Review for NeurIPS paper: Efficient Learning of Generative Models via Finite-Difference Score Matching

NeurIPS 2020

Efficient Learning of Generative Models via Finite-Difference Score Matching

Review 1

Summary and Contributions: This paper first details the computational costs of higher-order derivatives in neural networks through the lens of score matching (both denoising and sliced variants), whose objectives rely on higher-order expressions. The paper then develops finite difference theory to express approximations to these higher-order derivatives solely in terms of direct function evaluations, developing novel alternatives to both sliced and denoising score matching. Finally, the paper empirically validates the improved time and memory footprint of the proposed finite difference method on a variety of tasks.
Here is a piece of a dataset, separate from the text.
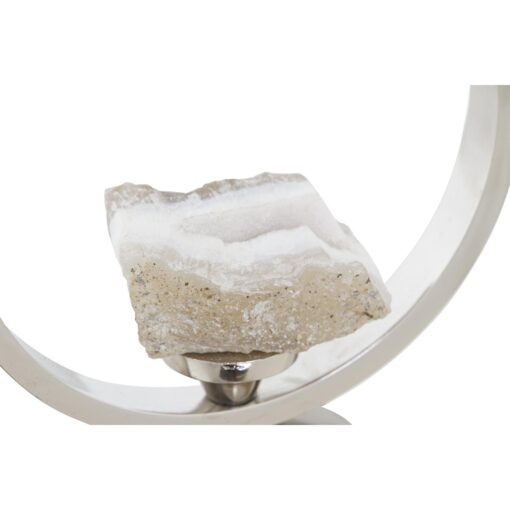 Vaso Champanhe Cristal Alumínio (15 x 15 x 56 cm) - Image 4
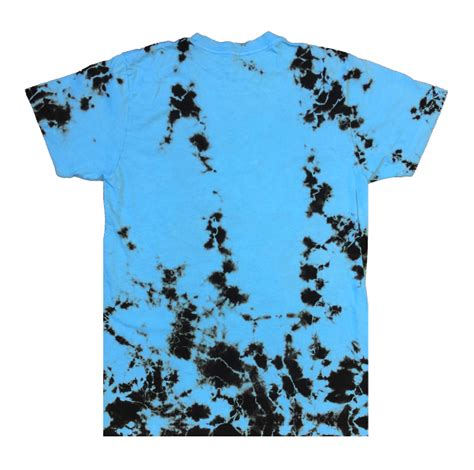 Columbia Blue Crystal Wash Short Sleeve T Shirt Custom Colors Apparel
Strengths: In terms of presentation, there is a clear narrative running throughout. This begins with outlining both denoising and sliced score matching, as well as the computational costs of evaluating the corresponding objectives. The paper then proceeds to address the shortcomings of the higher-order derivative expense for these score matching approaches. I don't have the numerical analyisis background to be sure, but Theorem 1 seems to introduce quite general machinery, for which only a very special case (149: K = alpha = beta = 1) is actually used. I appreciate the efficiency testing of the FD methods in Figure 3, the clear explanation of how the FD methods apply to score matching in Section 4, as well as the care taken to ensure consistency under stochastic optimization in Section 5. Finally, it's nice to see empirical evaluation across a range of tasks.

Weaknesses: My main issues concern the empirical evaluation. First, the experiments possibly seem a bit rushed, maybe because there is so much ground covered. It might generally be advisable to move some of the appendix details to the full paper. A short description of the DKEF setup, as well as the latent variable model setup, would be helpful, rather than referring the reader to either the appendix or previous work. Additionally, I'm not entirely sure of the purpose of the flow-based experiments in 6.2. Table 3 shows SM methods doing better on the SM loss, MLE doing better on NLL, and the FD-SSM and MLE times are the same, so what's the takeaway? Why would you want to fit a flow-based model using score matching where you have exact likelihood evaluation?

Correctness: I have not extensively checked the correctness of the proofs in the appendix, but the theoretical claims and arguments seem correct. The empirical evaluation is correct to the best of my knowledge, and goes toward demonstrating the promised efficiency of the proposed methods.

Clarity: The paper is generally well-written, with some caveats I've mentioned in the additional feedback section -- I've tried to mention details which really should be addressed rather than subjective stylistic points.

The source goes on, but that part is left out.